## [WORK INSTRUCTION]
Every line from the one holding "Двуспальная кровать" through the final line of the entries is to be reproduced exactly, and no other line.

[Stored data]

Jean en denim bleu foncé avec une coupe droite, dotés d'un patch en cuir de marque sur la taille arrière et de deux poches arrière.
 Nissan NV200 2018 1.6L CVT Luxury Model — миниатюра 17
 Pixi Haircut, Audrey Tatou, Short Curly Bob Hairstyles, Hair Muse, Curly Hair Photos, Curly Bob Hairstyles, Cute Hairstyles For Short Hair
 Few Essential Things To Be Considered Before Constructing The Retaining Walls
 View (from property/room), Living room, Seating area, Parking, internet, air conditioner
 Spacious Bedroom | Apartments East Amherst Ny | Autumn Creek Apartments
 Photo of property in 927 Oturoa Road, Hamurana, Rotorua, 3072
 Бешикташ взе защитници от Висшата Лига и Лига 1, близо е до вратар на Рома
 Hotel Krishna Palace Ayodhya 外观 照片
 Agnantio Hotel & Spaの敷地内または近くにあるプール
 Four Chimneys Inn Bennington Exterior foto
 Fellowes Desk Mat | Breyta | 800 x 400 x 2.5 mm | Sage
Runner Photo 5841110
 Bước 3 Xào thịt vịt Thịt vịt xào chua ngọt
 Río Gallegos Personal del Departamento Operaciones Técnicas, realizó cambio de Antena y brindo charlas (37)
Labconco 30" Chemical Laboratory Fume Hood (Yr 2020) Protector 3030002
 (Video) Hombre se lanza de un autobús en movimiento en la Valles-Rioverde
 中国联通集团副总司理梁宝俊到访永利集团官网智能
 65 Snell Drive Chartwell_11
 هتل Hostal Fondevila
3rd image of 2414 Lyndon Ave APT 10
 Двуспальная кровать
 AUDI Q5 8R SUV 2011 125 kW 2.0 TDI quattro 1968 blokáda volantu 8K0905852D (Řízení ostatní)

## [REPLY]
 Двуспальная кровать
 AUDI Q5 8R SUV 2011 125 kW 2.0 TDI quattro 1968 blokáda volantu 8K0905852D (Řízení ostatní)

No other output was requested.